Il y a une maîtrise exceptionnelle dans ses planches, tant aux niveaux de la palette des teintes, que des scènes représentées et des personnages sublimés. Les couleurs sont profondes et radieuses et laissent flotter un parfum de saveurs orientales bien présentes.
Chaque illustration est fascinante de beauté et de délicatesse, il se dégage une grâce et une richesse impressionnantes dans les scènes. Rien n’est laissé au hasard, mais chaque élément apparaît comme étant à sa place, tout naturellement. Il trouve un équilibre idéal entre douceur des gestes et des visages et énergie dégagée par les teintes puissantes et enveloppantes. De plus, il y a un petit air délicieux de NEMO dans les traits de Liao.
Sur presque toutes les doubles pages, un magnifique chat bleu avec des ornements ciselés apparaît, et un jeu subtil se crée entre le lecteur qui recherche dans les décors somptueux le félin nonchalant. David Sala a un talent immense et éblouissant, et ce n’est pas si facile de trouver des mots à la hauteur de ses créations enivrantes.
Pour laisser la place nécessaire à l’émerveillement de ses planches, le texte est d’une police très sobre, orné de quelques fioritures qui se révèlent plus brillantes que le papier et qui offre une vue d’ensemble esthétique.
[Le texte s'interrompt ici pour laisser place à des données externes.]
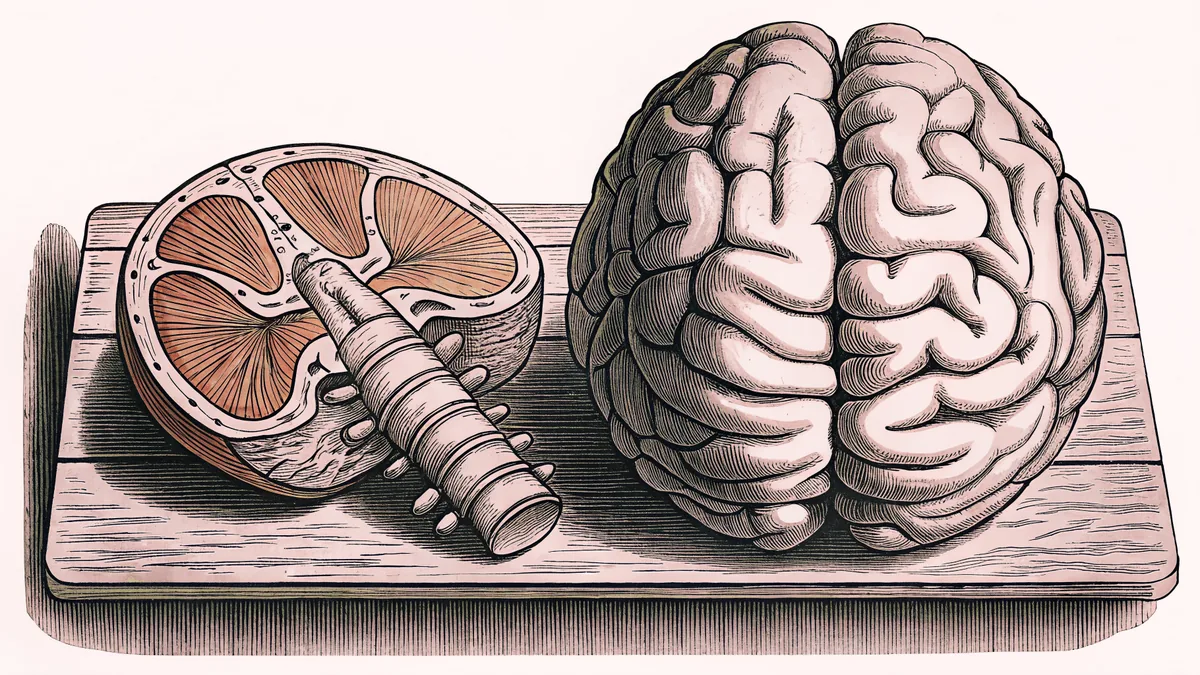 Anatomical models of the brain and nervous system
On notera les références aux personnages de Klimt, aux paysages de Monet et aux motifs traditionnels chinois (fleurs, amandiers, hérons, montagnes enneigées, dragon rouge, chat bleu…).On pourra mettre en parallèle le précédent ouvrage du duo : La colère de Banshee qui déploie la même technique et le même foisonnement de motifs et de couleurs.
Les peintures servent magnifiquement le petit conte de sagesse de Chabas. Le thème de la liberté est abordé à travers le grillon du foyer, retenu captif puis délivré et qui accepte de revenir à condition de rester libre.
L’écriture est à la première personne ce qui permet une identification du lecteur et est très centrée sur le quotidien et l’intérieur de la maison que les enfants connaissent bien.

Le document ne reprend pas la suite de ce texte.